TASK INSTRUCTIONS —
Once you reach the line with "A bathroom with a sink and a bathtub" below, copy each line exactly, stopping after the line with "A couple embraces", and skip any pictures.
BEGIN AVAILABLE DATA
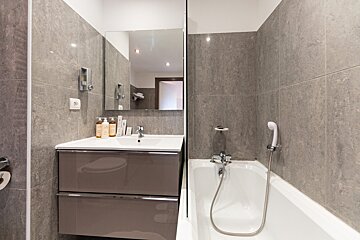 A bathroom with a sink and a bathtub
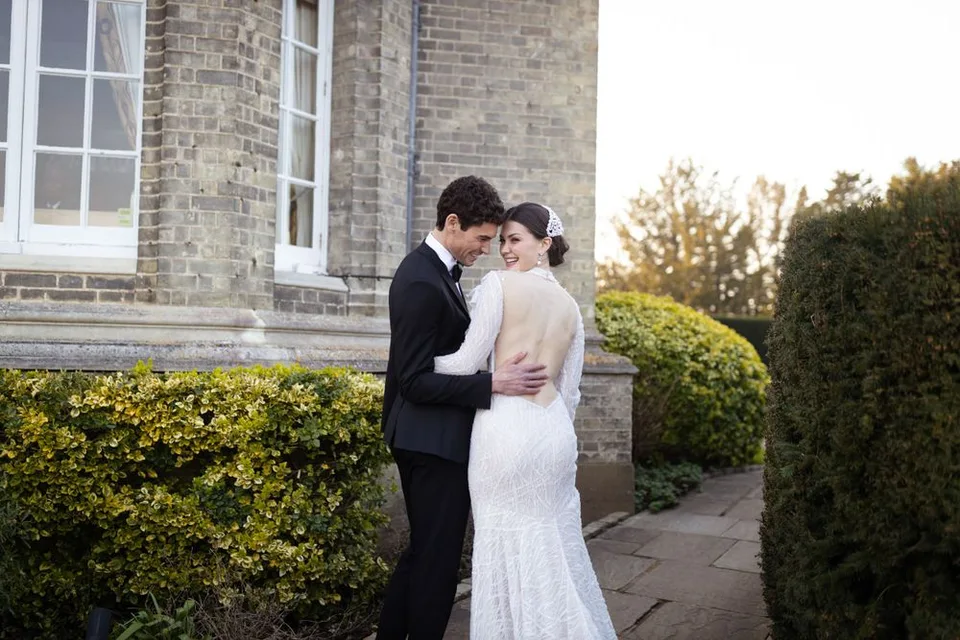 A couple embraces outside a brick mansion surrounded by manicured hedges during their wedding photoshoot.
END AVAILABLE DATA
BEGIN AVAILABLE DATA
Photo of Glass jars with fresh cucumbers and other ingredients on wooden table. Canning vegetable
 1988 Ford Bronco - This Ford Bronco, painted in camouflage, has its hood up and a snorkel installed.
END AVAILABLE DATA
BEGIN AVAILABLE DATA
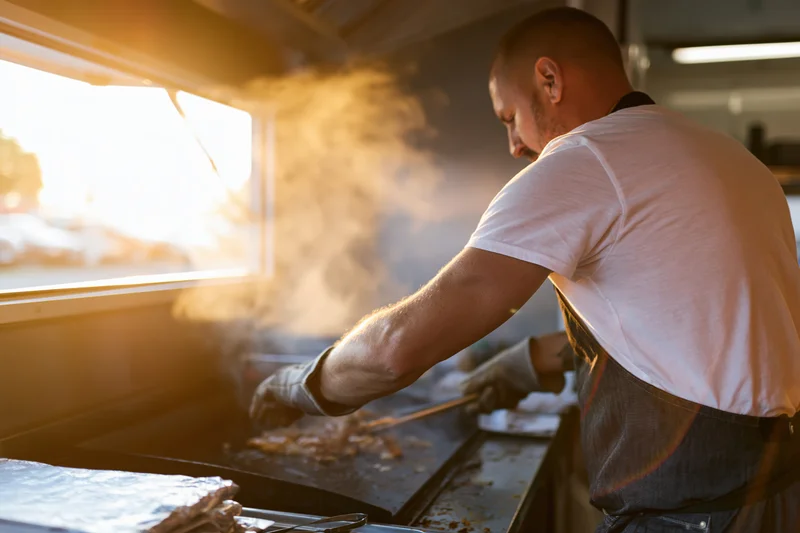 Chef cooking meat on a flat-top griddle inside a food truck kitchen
END AVAILABLE DATA
COMPLETED EXERCISE —
 A bathroom with a sink and a bathtub
 A couple embraces outside a brick mansion surrounded by manicured hedges during their wedding photoshoot.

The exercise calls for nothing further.